> _Dataset_
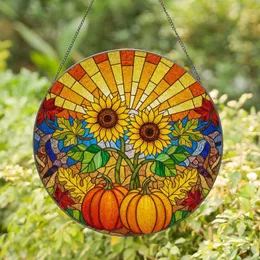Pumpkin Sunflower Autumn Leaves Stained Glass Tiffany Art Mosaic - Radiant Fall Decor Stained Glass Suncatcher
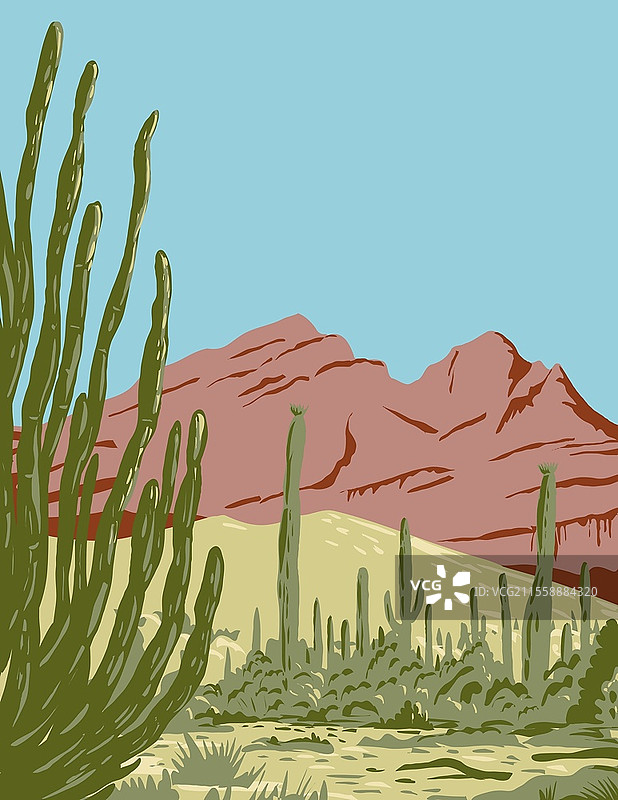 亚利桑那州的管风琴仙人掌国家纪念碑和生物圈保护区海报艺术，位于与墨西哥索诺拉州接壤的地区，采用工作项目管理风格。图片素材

* * *

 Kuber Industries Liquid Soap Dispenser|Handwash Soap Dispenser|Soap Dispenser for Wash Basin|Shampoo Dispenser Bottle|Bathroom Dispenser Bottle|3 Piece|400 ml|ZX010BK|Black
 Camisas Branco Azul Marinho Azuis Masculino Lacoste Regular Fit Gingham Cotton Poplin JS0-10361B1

--

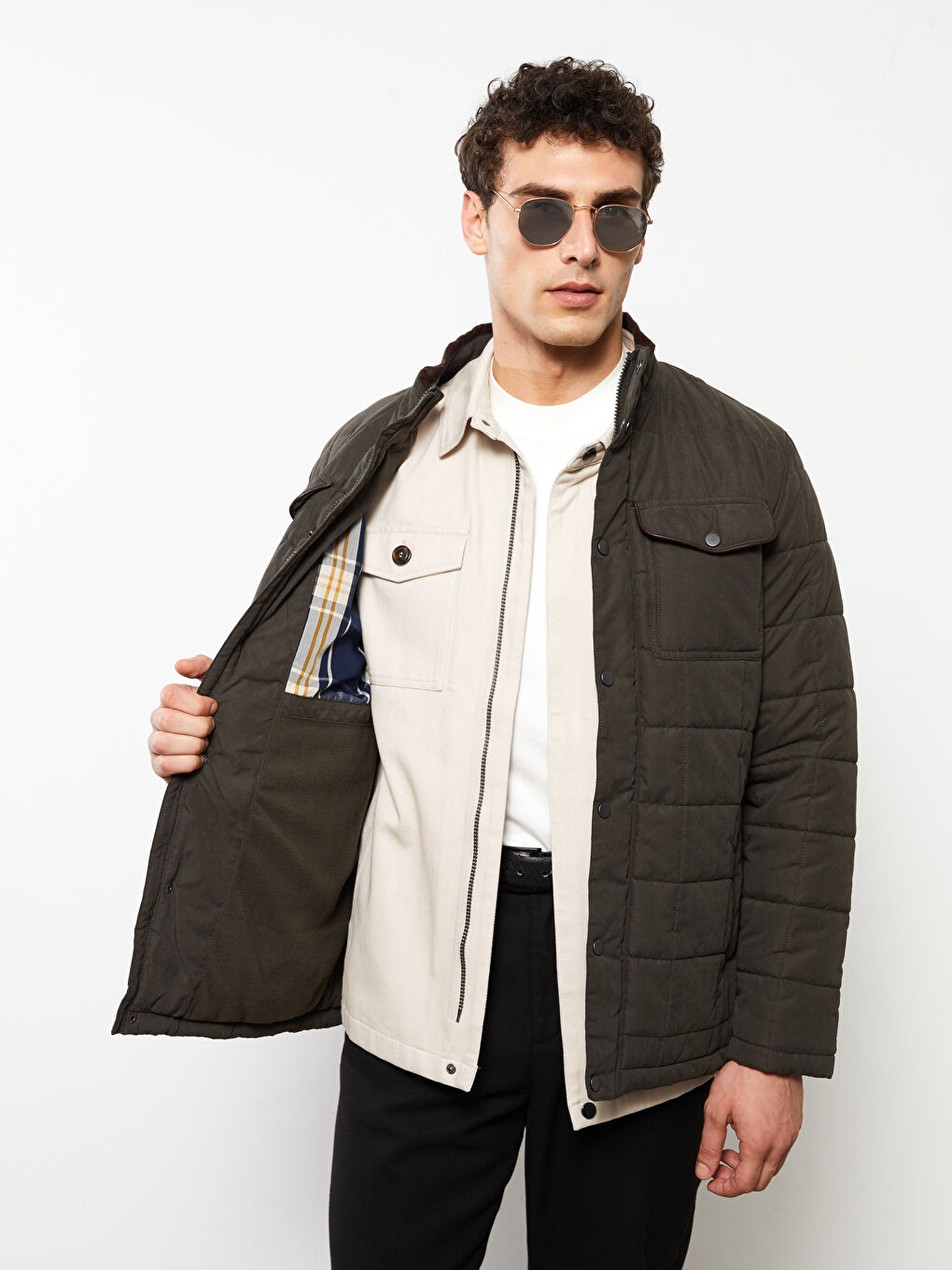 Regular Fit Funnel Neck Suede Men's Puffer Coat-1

> _Aim of the task_
Going by the entries above, repeat exactly the lines that start at the line with "Pumpkin Sunflower Autumn" and go on through the line with "亚利桑那州的管风琴仙人掌国家". Pictures are not part of the copy.

> _Exercise answer_
Pumpkin Sunflower Autumn Leaves Stained Glass Tiffany Art Mosaic - Radiant Fall Decor Stained Glass Suncatcher
 亚利桑那州的管风琴仙人掌国家纪念碑和生物圈保护区海报艺术，位于与墨西哥索诺拉州接壤的地区，采用工作项目管理风格。图片素材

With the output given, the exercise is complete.